The 3 Phases of Deep Learning
Phase 1: Data Preparation – Extract, Transform, Load (ETL)
The goal of this phase is to have the dataset readily available in a format that is suitable for training. Reasons for this might be that the data comes from a source that produces data in a format that is not suitable for training, e.g. because of the used color palette, resolution, position of relevant objects inside an image, and so on.
Phase 2: Training
The goal of the training phase is to teach “the computer” to recognize something of interest. Popular examples for this are persons, cats, or traffic signs.
But how can a computer learn to recognize a cat? The answer is trivially simple on the one hand, but at the same time the major challenge for traditional storage systems: The computer (or rather the GPUs) need to see lots and lots of cats in all colors, from different angles in different poses and sizes. And when each image has been processed once, the whole dataset is typically processed again and again in a different order, with a different image rotation factor, stretched or in other variations, as all this improves the accuracy of the recognition.

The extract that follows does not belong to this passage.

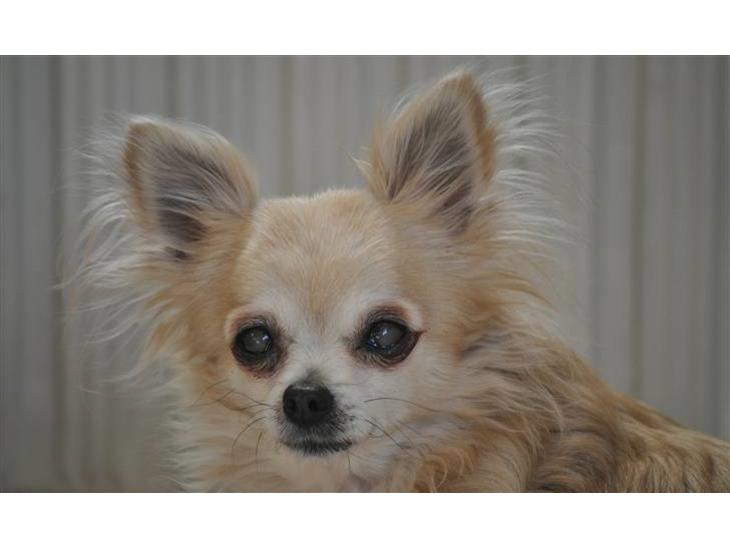 {{currentPhoto.altText}} billede {{currentPhoto.number}}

Also, the data scientists in a company are continuously working on improving the model generation based on the existing training dataset, which makes training an endless process that is running continuously in a company to improve the company’s product and stay ahead of the competition.
In clusters of multiple GPU systems, a certain GPU server typically doesn’t read the same subset of objects again that it read in the first pass, due to the random reordering of data. This means a cache on the GPU server would not be effective and thus the storage system itself has to be able to provide data at the speed at which the GPUs can process it – so very, very fast. Due to the nature of accesses consisting of lots of small file reads, NVMe has proven to be the only technology today that fits for these requirements, providing both, the ultra-low access latency and the high number of read operations per second.
Another important observation for GPU server clusters is that the dataset should be shared between the GPU servers, as they typically all work with the same dataset.
The fact that this phase is mostly about reading of data is an important property that allows some very interesting optimizations of the solution design, as we will see in the following chapters.
Phase 3: Inference
The goal of the inference phase is to put the trained model to the test by letting the computer recognize whatever objects it has been trained on. So this is the actual application for which we went through all the effort in the training phase.
In the inference phase, object recognition typically happens in real-time. For example in security-sensitive areas, if the purpose of the model is to recognize persons, there will be a continuous live feed of cameras that needs to be analyzed. And it’s usually not good enough to recognize that an object is a person, the goal rather is to recognize if this a certain person of interest from a database.
This means the latency of data access becomes a critical factor to keep up with the live feed.
Again, NVMe has proven to be a best-fitting technology for such latency-sensitive use cases in general. But the fact that there are large differences in the amount of persistent data that needs to be accessed during an inference phase, still leaves the training as the most widely recognized critical phase for storage system performance. Thus, we will focus on designing an optimal solution for training workloads in the third and final part of this series.